They still use the Term Sanda in Beijing but I did hear Sanshou there. There are even a couple of catch all CMA schools in Beijing (Xingyi, Bagua, Taiji, Sanshou, etc.) that are teaching Sanshou and not calling it Sanda. But that could be more for the westerners that go there too. And it is always the sports version. 



MaartenSFS said:


> Good. 99% of MA instructors in China are aresholes. I have met and trained with my fair share, but will never again. I don't think that it matters where your instructor is from so much as what he was taught and his own interpretation. Sanda is more like a blanket term and every instructor will have their own take on it. Some are better with hands, legs, shuaijiao... Some are well rounded. Some even mix in IMA principles.

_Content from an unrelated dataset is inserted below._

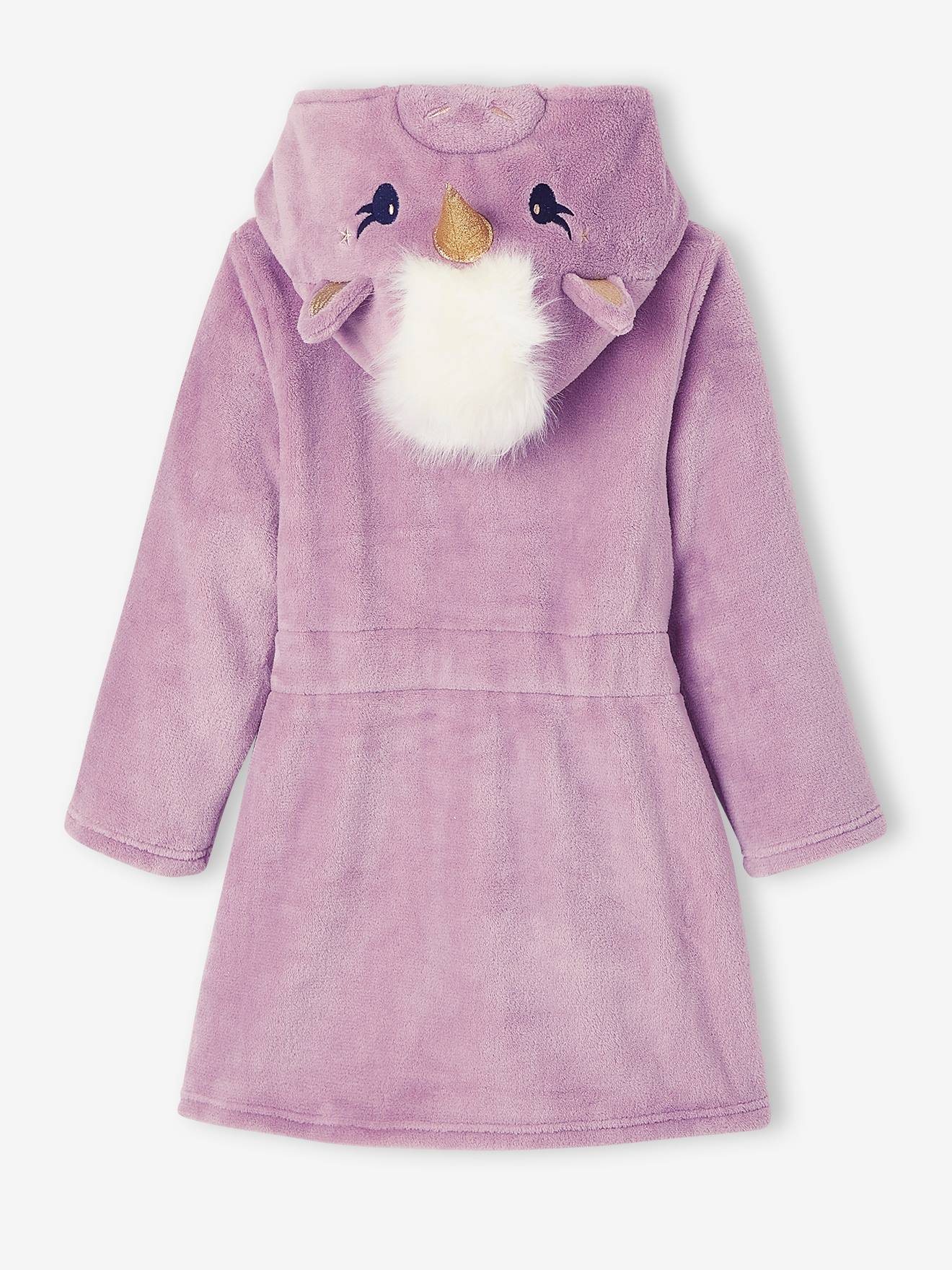 Robe de malha com renda de unicórnio, lilás claro liso com motivos, para meninas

I do not know all of what my sifu has trained. I do know he has trained Sanda, which is his only style as far as he is concerned, for many years. I also found out he has trained some Xingyi and Bagua but not that much. He knows the animal forms of Xingyi and I do not know what he knows of Bagua, just that he trained some. 



MaartenSFS said:


> My point was not that they are useless, just that many of their practitioners have the belief that they are invincible because...... Most of them could not use what they have learned in combat. Moreover.. there are some things that are inherently flawed in the IMA. For example, IMA combat principles are FAR more important than the actual techniques that are learnt. Taiji principles can be applied VERY WELL to Shuaijiao, but using the actual techniques will most likely get your **** shuai-ed.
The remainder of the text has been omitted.